FIG. 5 is a schematic diagram of navigation modification information according to an embodiment of the present invention. Please refer to FIG. 5 , in an embodiment, the navigation modification information 51 may be presented in a screen displayed by the prompting device 15 . The navigation correction information 51 may include directional indicators 501-508 pointing in different directions. In one embodiment, one of the directional indicators 501-508 (such as the directional indicator 508) can change the visual effect (such as changing color, zooming in or flashing), so as to clearly inform the operator of the ultrasonic scanning device 13 that the current The moving direction of the ultrasonic scanning device 13 needs to move in a specific direction (such as the direction indicated by the indicator 508 ), so as to prevent the ultrasonic scanning device 13 from continuously moving in a wrong direction.

In an embodiment, the navigation correction information can also be presented through the light 103 . For example, the color or brightness characteristics such as the color, brightness, and flashing frequency of the light 103 can be changed according to the navigation correction information, so as to warn the operator of the ultrasonic scanning device 13 that the ultrasonic scanning device 13 must move in a specific direction or change the ultrasonic scanning The direction of movement of the device 13.

FIG. 6 is a schematic diagram of the appearance of a hand-held guiding device according to an embodiment of the present invention. Please refer to FIG. 6 , in an embodiment, the hand-held guiding device 61 may include a body 601 and a soft material layer 602 . The soft material layer 602 is disposed on the body 601 . It should be noted that the soft material layer 602 is implemented with a soft or elastic material (such as silicone). In addition, the body 601 may be the same or similar to the hand-held guiding device 11 of FIG. 1 .

In one embodiment, when the operator of the hand-held guiding device 61 operates the hand-held guiding device 61 to perform the first physical action, so that the soft material layer 602 is pressed down by the main body 601 to cause deformation of the soft material layer 602, the main body 601 The first inertia measurement signal generated by the sensor inside the main body 601 can be sent to the control host 14 according to the first physical action.

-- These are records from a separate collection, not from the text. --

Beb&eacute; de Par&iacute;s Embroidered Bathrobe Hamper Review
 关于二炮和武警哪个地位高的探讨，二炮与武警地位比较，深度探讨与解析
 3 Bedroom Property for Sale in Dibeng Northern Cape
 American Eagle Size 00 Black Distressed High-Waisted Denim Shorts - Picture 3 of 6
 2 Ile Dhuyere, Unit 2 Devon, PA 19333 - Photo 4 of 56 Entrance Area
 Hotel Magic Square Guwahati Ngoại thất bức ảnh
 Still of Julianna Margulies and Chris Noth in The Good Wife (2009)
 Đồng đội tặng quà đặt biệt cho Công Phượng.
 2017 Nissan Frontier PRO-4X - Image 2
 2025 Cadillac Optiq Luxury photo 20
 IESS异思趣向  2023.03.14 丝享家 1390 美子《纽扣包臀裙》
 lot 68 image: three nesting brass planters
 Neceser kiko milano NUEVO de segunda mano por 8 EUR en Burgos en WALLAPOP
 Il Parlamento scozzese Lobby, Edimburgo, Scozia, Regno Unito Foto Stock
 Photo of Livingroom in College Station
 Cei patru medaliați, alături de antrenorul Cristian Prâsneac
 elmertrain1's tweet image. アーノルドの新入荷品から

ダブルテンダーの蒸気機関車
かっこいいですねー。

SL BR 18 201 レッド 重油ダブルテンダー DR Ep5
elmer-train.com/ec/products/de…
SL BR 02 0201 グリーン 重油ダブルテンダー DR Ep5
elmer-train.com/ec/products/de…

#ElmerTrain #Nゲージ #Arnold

In this way, the control host 14 can obtain the movement trajectory (such as the distance, depth or inclination angle of pressing toward the soft material layer 602) of the hand-held guiding device 61 when performing the first physical action according to the first inertial measurement signal, and generate corresponding Navigation Tips 101. Then, the control host 14 can use the navigation prompt information 101 to guide the operator of the ultrasonic scanning device 13 to perform similar second physical actions such as pressing down or tilting.

FIG. 7 is a flow chart of an ultrasonic scanning operation guidance method according to an embodiment of the present invention. Please refer to FIG. 7 , which is implemented by using the aforementioned ultrasonic scanning operation guidance system 10 . In step S701 , the first physical movement of the hand-held guidance device is detected. In step S702, generate navigation prompt information according to the first physical action, and present the navigation prompt information through a prompt device, wherein the navigation prompt information is suitable for guiding the ultrasonic scanning device to perform a second physical action according to the first physical action Two physical actions. In step S703, an ultrasonic image is captured by the ultrasonic scanning device. In step S704, the ultrasonic image is transmitted to a display device for display.

FIG. 8 is a flow chart of an ultrasonic scanning operation guidance method according to an embodiment of the present invention. Please refer to FIG. 8 , in step S801 , a first physical motion of the hand-held guiding device is detected. In step S802, generate navigation prompt information according to the first physical action, and present the navigation prompt information through a prompt device, wherein the navigation prompt information is suitable for guiding the ultrasonic scanning device to perform a second physical action according to the first physical action Two physical actions. In step S803, an ultrasonic image is captured by the ultrasonic scanning device. In step S804, the ultrasonic image is transmitted to a display device for display. Wherein, after performing the second physical action, step S805 is performed simultaneously with step S803. In step S805, a second physical motion of the ultrasonic scanning device is detected. In step S806, it is determined whether the difference between the first entity action and the second entity action meets the warning condition. If yes, in step S807, output warning information through the prompting device. If not, go back to step S805. In addition, in an embodiment, step S807 may also include discarding the currently captured ultrasound image when the warning condition is met.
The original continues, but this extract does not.